Adults and children are allowed, & are to be encouraged, to express what they want.

We can hear their request, take a breath, and decide to fulfill the request or to not fulfill the request.

To ignore the request may result in giving the person the message that their request isn’t valid, doesn’t matter, is unseen, or is unheard. To not acknowledge the request could lead one to believe their request is not important. 

At the end of the day, we all want the very same thing, to be acknowledged, to be seen, and to be heard.

We need to know that our point of view is of value, too, and that we are open to that point of view.

& since I am James’ mom, I get to say how long he sucks on his pacifiers and drinks his warm bottle.

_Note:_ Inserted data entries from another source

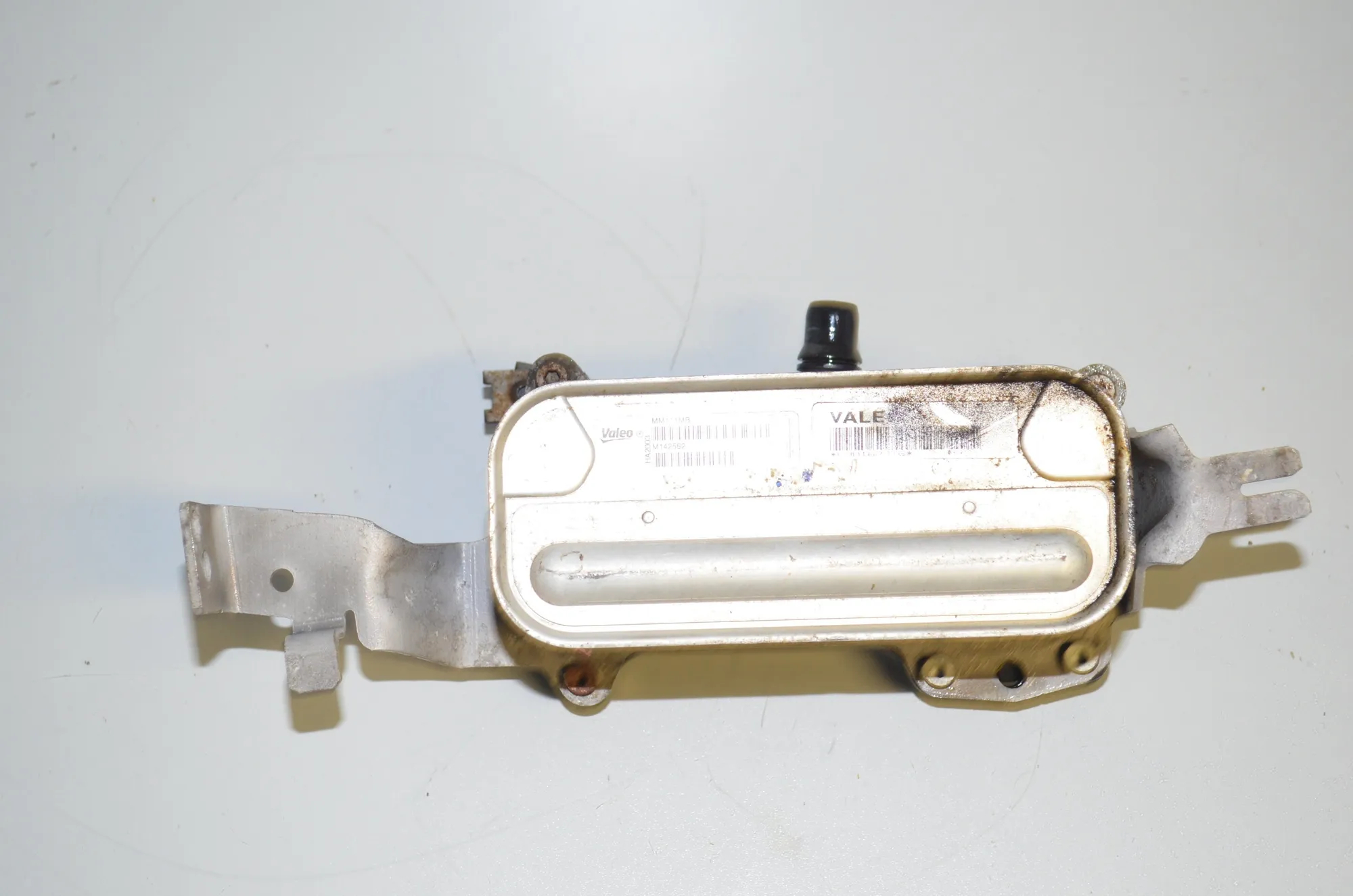 Oil Cooling Radiator – OEM 7601951 · BMW 5 Touring (F11) 523 i 2011 – 4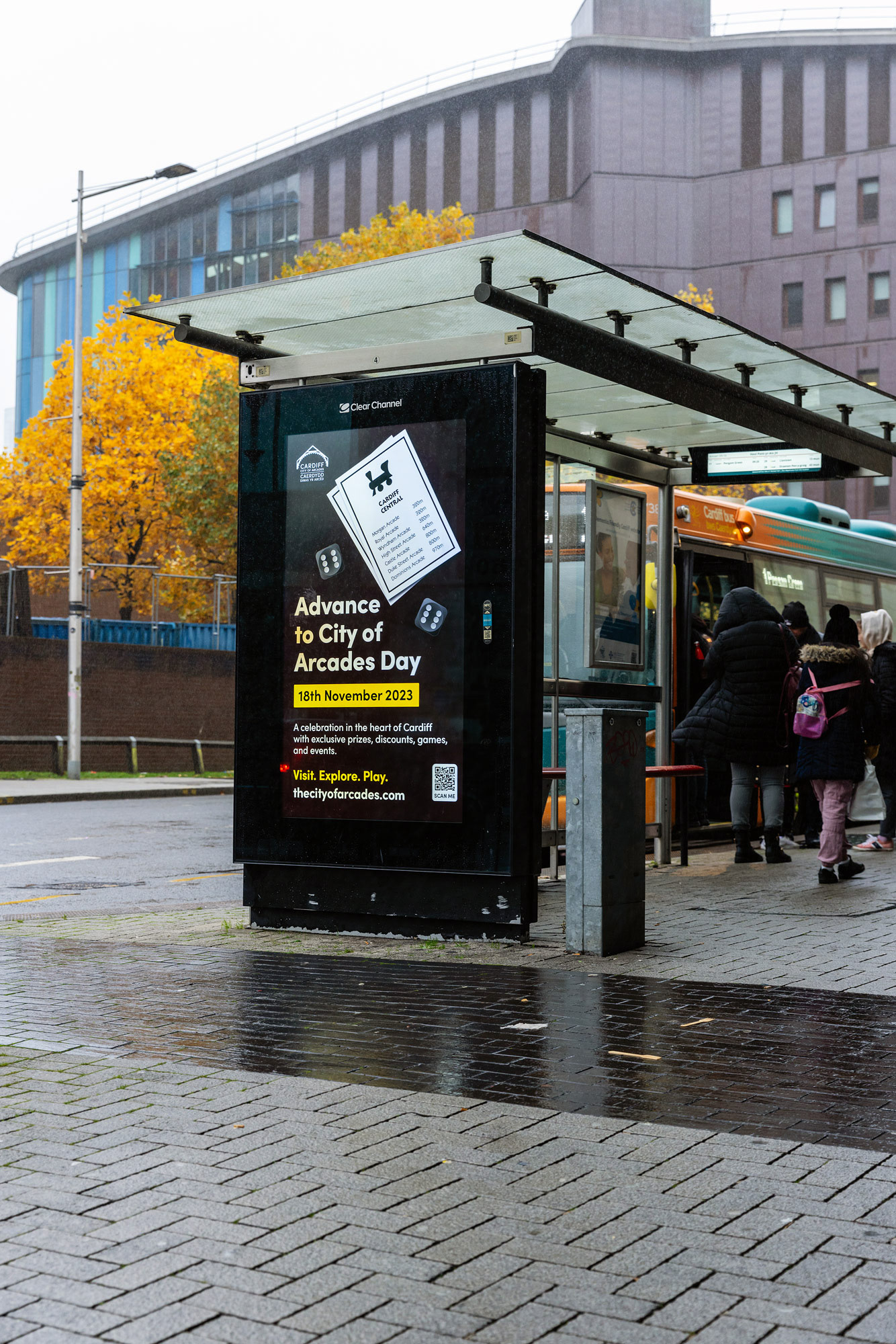 Bus D6 promoting City of Arcades Day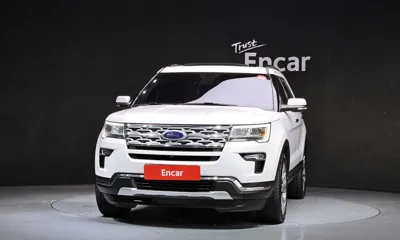 Ford Explorer 2018, 99968 км, за 10921.14 USD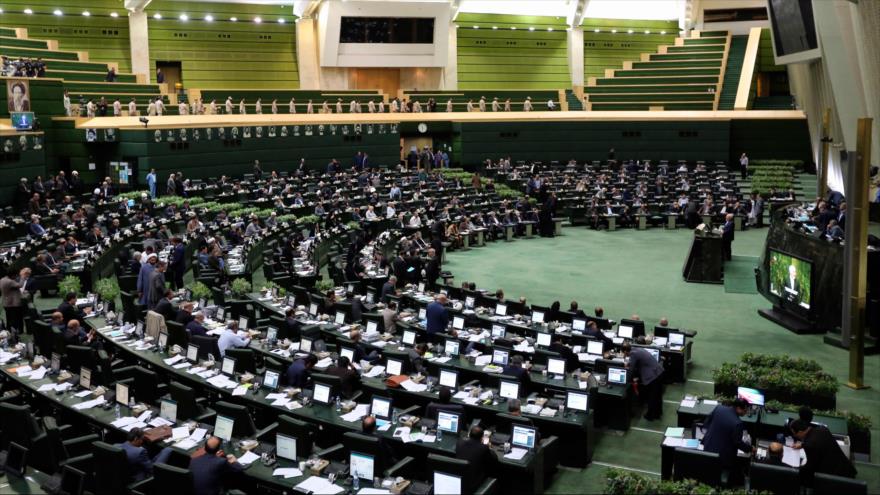 El canciller iraní, Mohamad Yavad Zarif, comparece en una sesión del Parlamento persa en Teherán, la capital persa, 7 de octubre de 2018. (Foto: AFP)
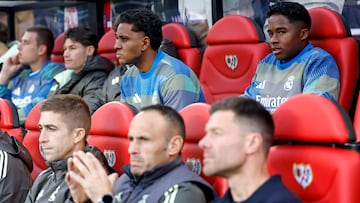 09/11/25 PARTIDO PRIMERA DIVISION
RAYO VALLECANO - REAL MADRID
XABI ALONSO ENTRENADOR RODRYGO GOES ENDRICK BANQUILLO SUPLENTE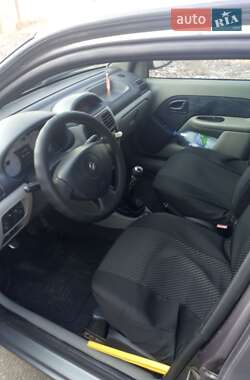 Седан Renault Clio Symbol 2003 в 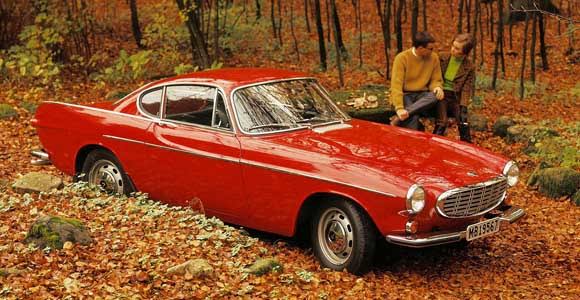 Resultado de imagem para Volvo P1800 ghia"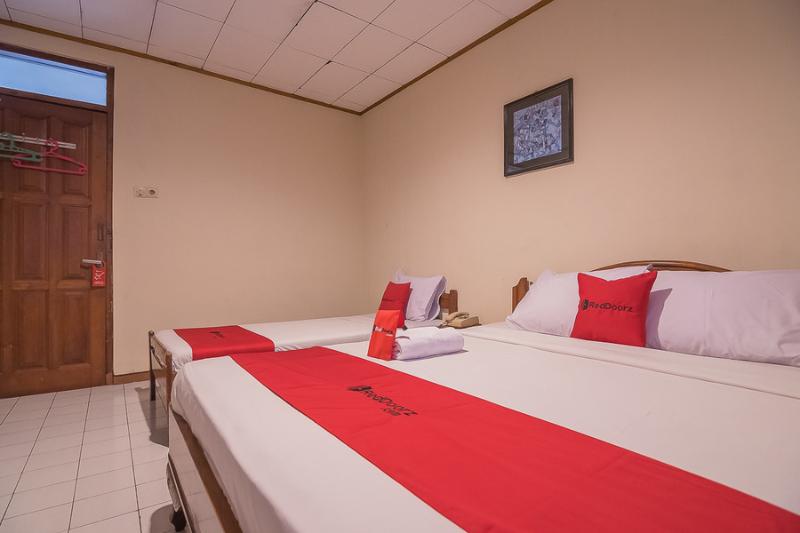 家庭间, Reddoorz @ Ungaran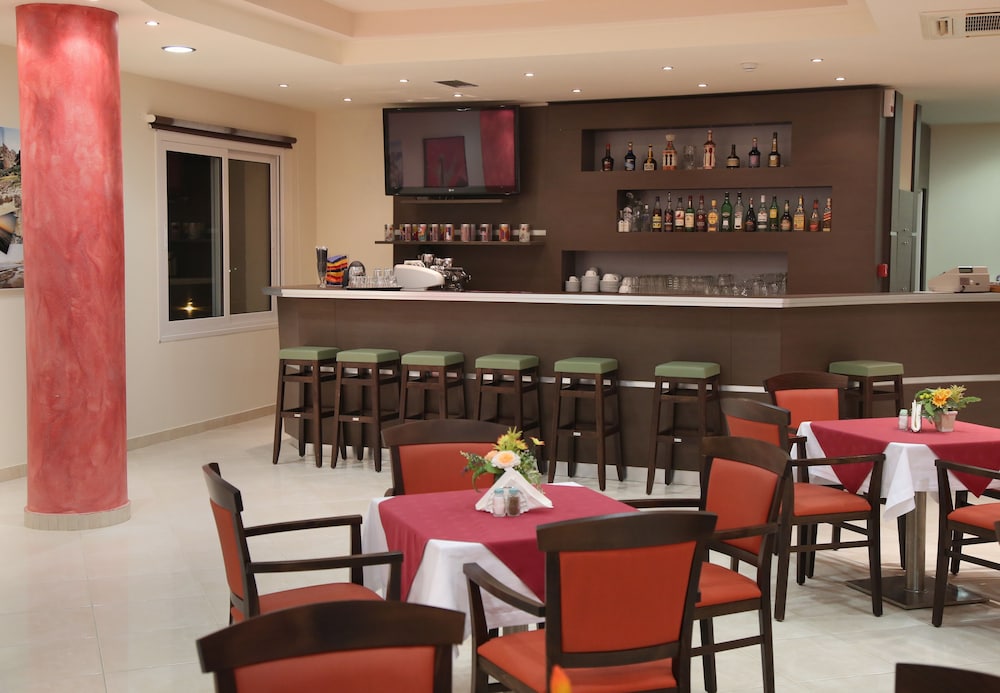Sea Breeze Hotel 16/20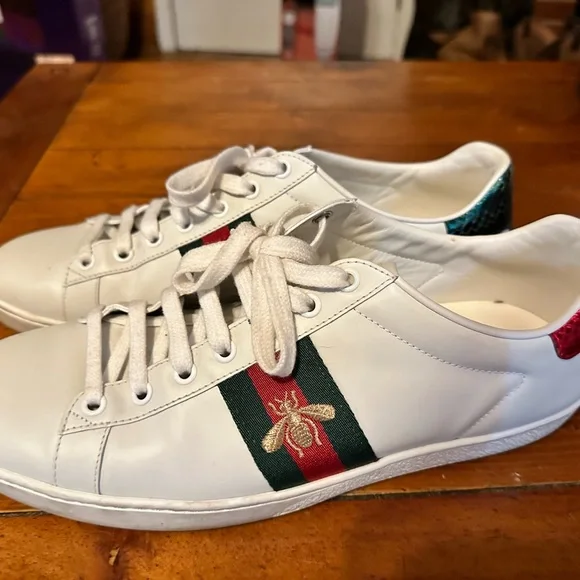 Gucci | Shoes | Gucci White Sneakers With Red And Green  display picture 2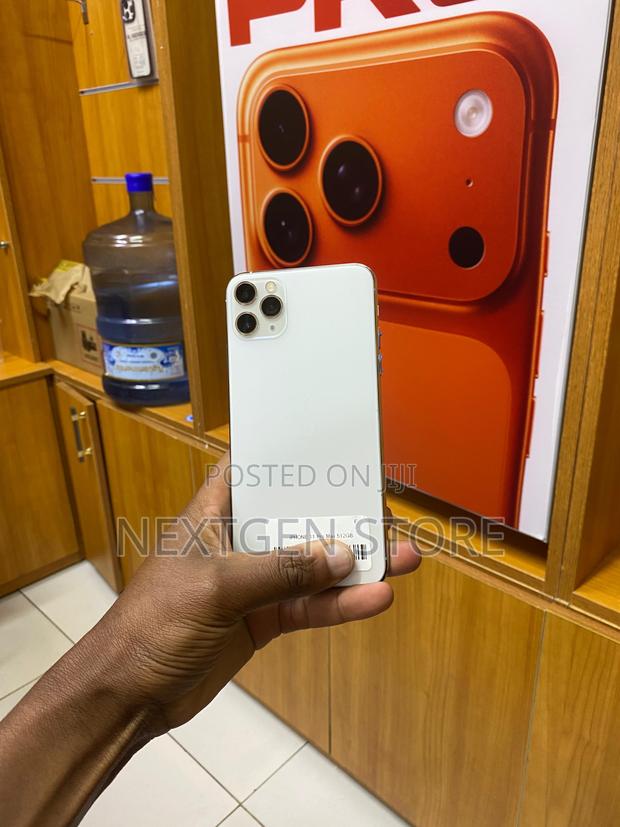 Apple iPhone 11 Pro Max 256 GB White - thumbnail 3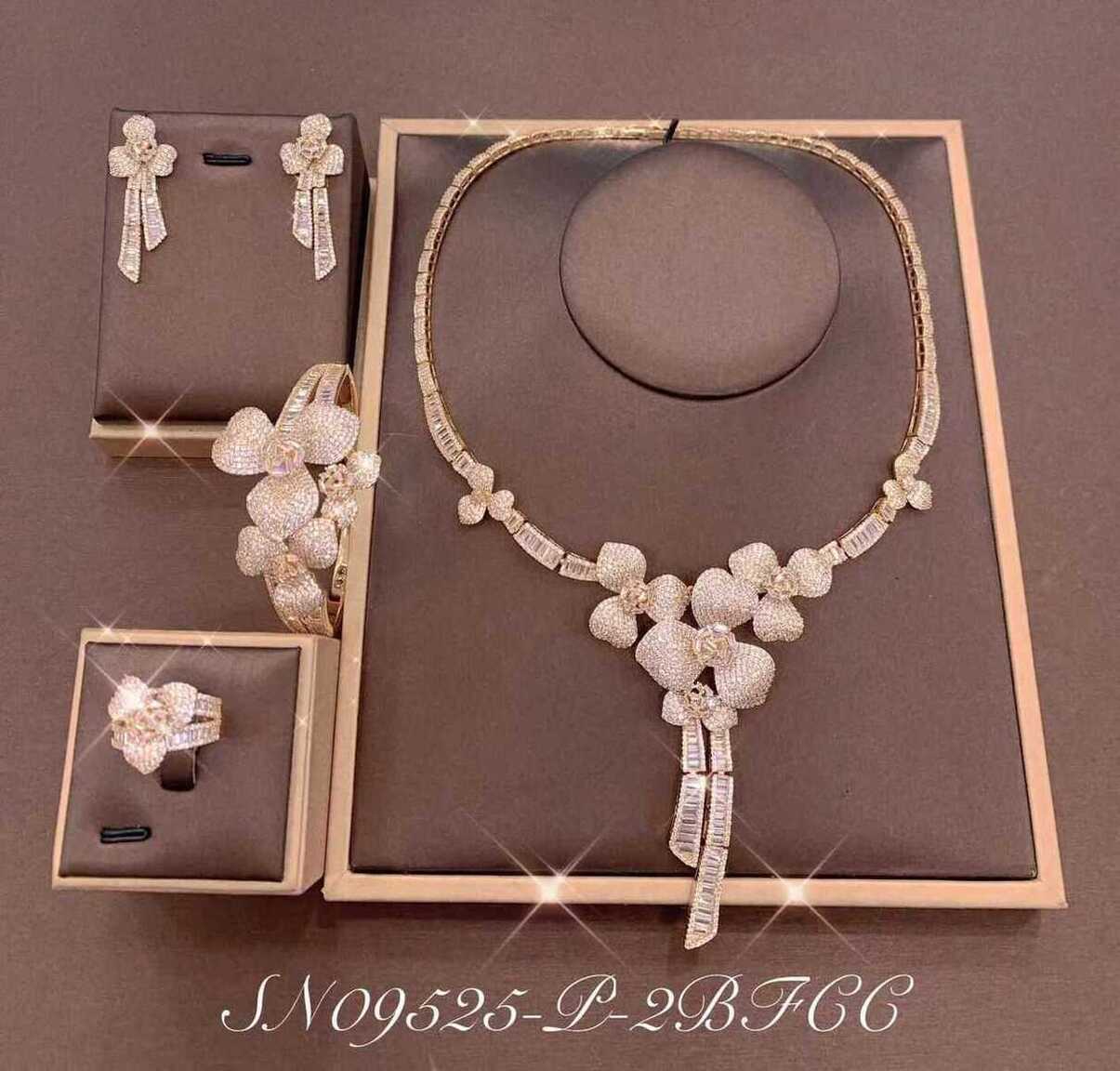 Necklace SN09525-P-2B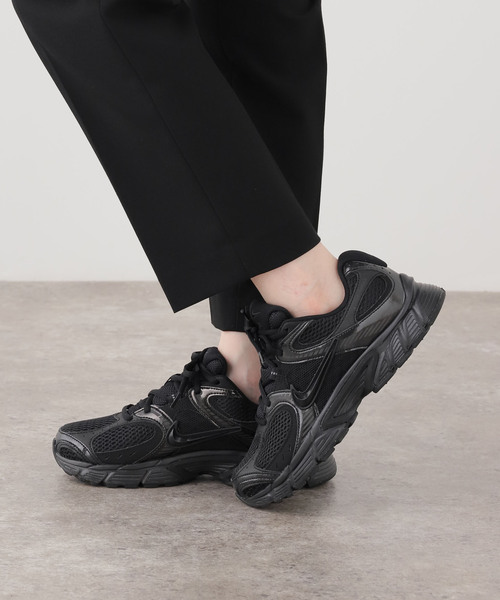 NIKE（ナイキ）の「NIKE/ナイキ ウィメンズV5 RNR（スニーカー・レディース・ブラック/アイボリー・24cm/23.5cm/25cm/24.5cm/23cm）」の4枚目の写真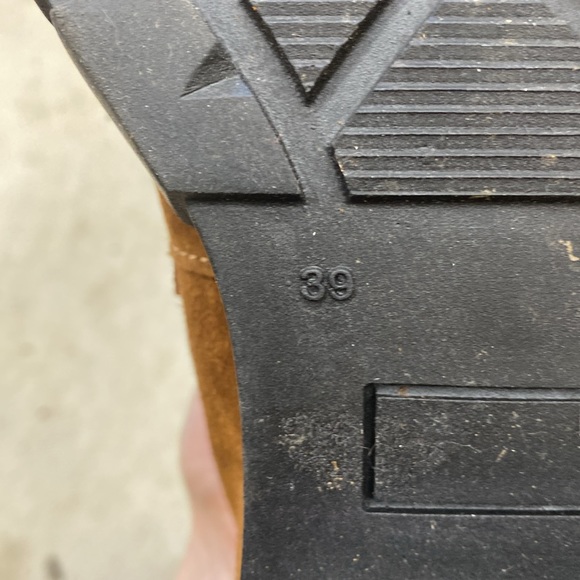 Suede healed loafers - Picture 6 of 8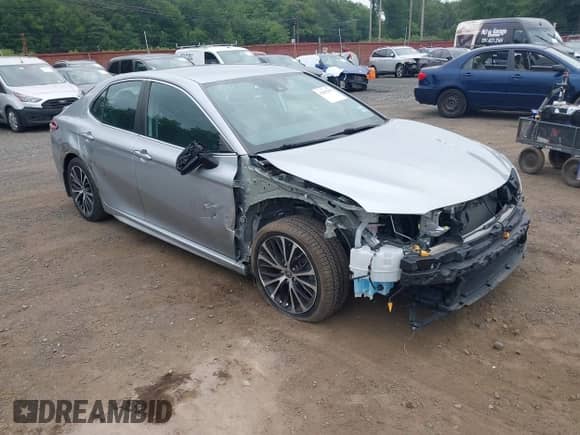 2020 Toyota Camry SE with VIN 4T1G11BKXLU009460, listed as a IAAI auction lot 42907075 with 43,495 mi miles and . Bid and sale history available at DreamBid. Image 1.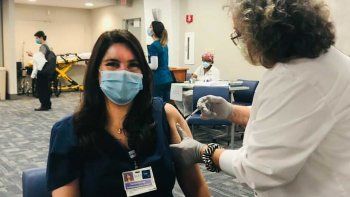 Personal sanitario es vacunado en el Jackson Memorial Hospital, en Miami. Personal sanitario es vacunado en el Jackson Memorial Hospital, en Miami.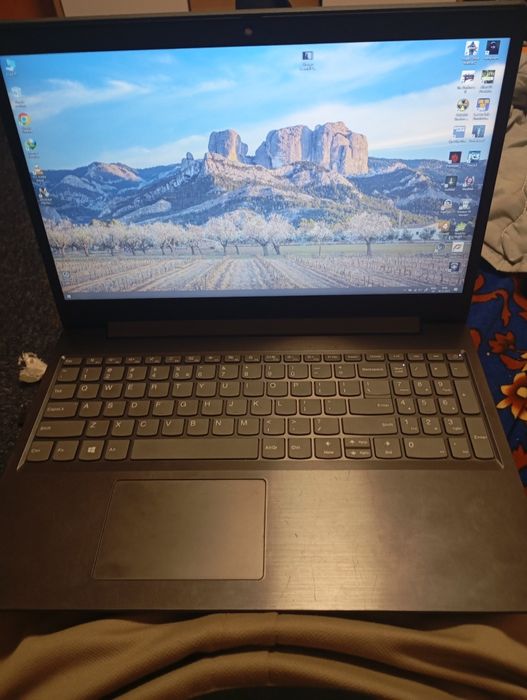 Vând sau schimb Laptop Gaming LENOVO IdeaPad L340-15IRH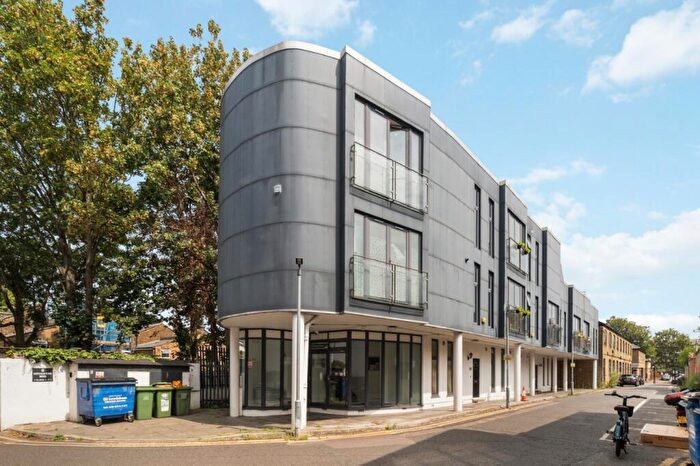 2 Bedroom Apartment To Rent In Hatcham Park Mews, London, SE14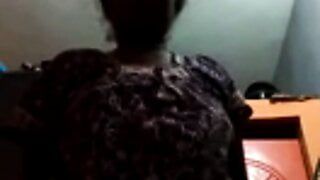 Pavitra eraparaju telugu aunty fingering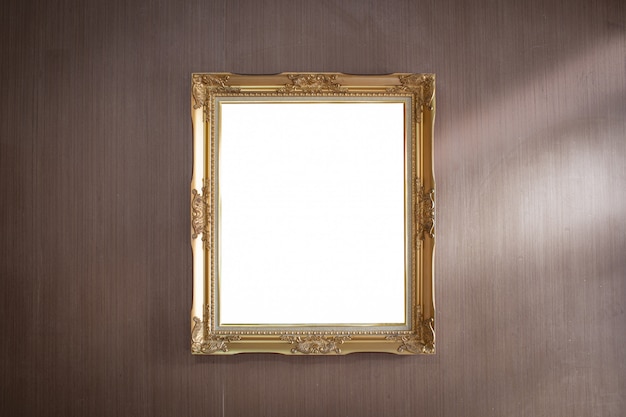 Gouden frame op donkere houten muur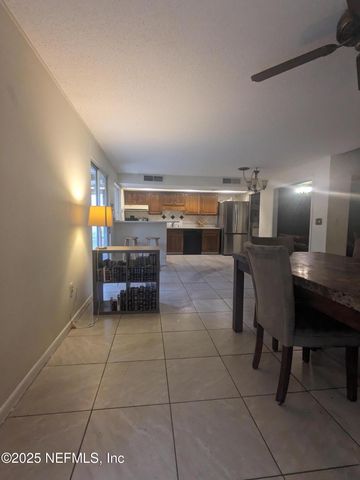 10360 ARROWHEAD Drive, Jacksonville, FL 32257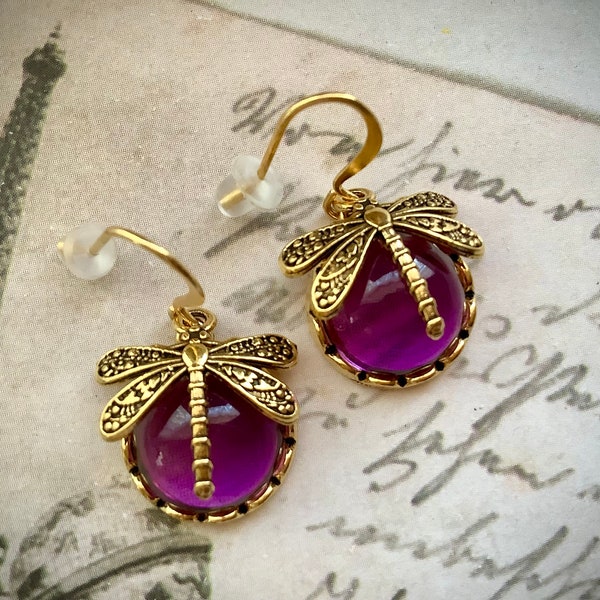 Vintage Style Dragonfly Earrings - Stylish and Trendy - Purple Glass - Antique gold-tone finish - Magical Jewelry - Fairycore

To be honest, I’m putting it off. He’s, most likely, our last baby and I’m holding on to every single second of this time before he goes from 2 to 3. I can’t believe he’s getting so big.

I remember when he was a brand new baby boy and I could easily cradle him in my arms and rock him in our hand-me-down rocking chair. These days, his feet and cute toddler toes dangle over the edge and his head, full of blonde hair, hangs over the other edge of the very same rocker I spent night after night breastfeeding him for 2 whole years in the very same spot in his blue-painted wall nursery.

Night after night, he requests to be rocked and night after night, I fulfill his request.

I’ll do it until he stops making the request. 

Sweet boy, please do not stop requesting to be rocked. Not quite ready for that.

Night after night, he requests his pacifier and night after night, I fulfill his request.

I’ll do it until he stops making the request. Not quite ready for that.

Sweet boy, someday you will no longer request your pacifier. & I’ll be a wee bit sad.

Night after night, he requests his warm bottle and night after night, I fulfill his request.

I’ll do it until he stops making the request. Not quite ready for that.

Sweet boy, someday you will no longer request your warm bottle. & I’ll be a wee bit sad.

& the days and weeks and years will pass, sweet boy, but you, Sweet Baby James, you will always be my baby boy. May you always know how much you are loved yesterday, today, and tomorrow, to the moon and back again.